__Task directions__
Could you set down exactly the lines in the records below between the line holding "Battle Of Perryville" and the line holding "波司登outlets新款女NASA联名款鹅绒连帽短款羽绒服B90142958", inclusive?

__Data extracts__
##############################

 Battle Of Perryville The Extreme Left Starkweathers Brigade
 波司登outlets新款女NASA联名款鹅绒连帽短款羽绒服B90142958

##############################

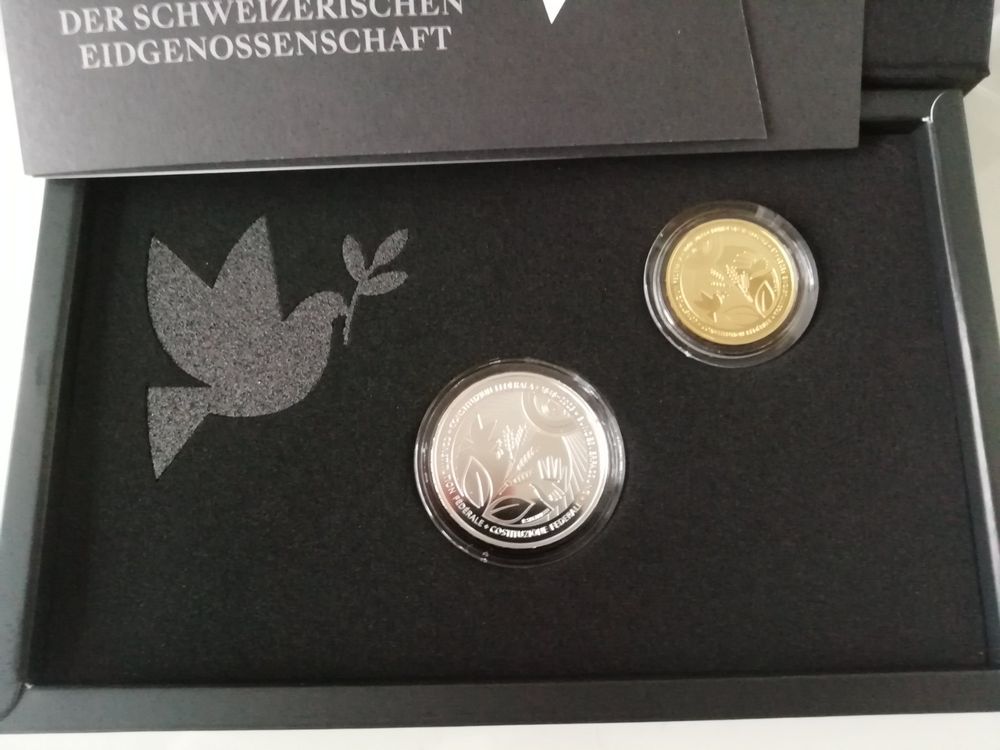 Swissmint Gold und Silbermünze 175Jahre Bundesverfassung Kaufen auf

##############################

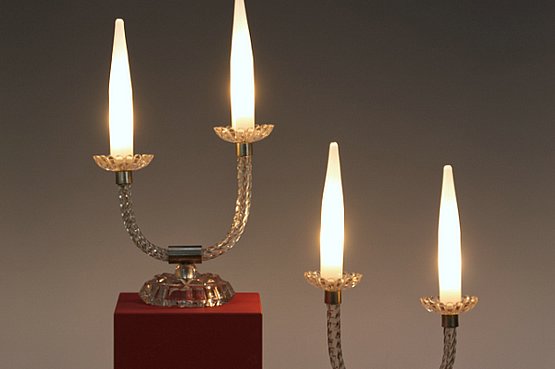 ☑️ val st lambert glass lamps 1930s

##############################

__Response area__
 Battle Of Perryville The Extreme Left Starkweathers Brigade
 波司登outlets新款女NASA联名款鹅绒连帽短款羽绒服B90142958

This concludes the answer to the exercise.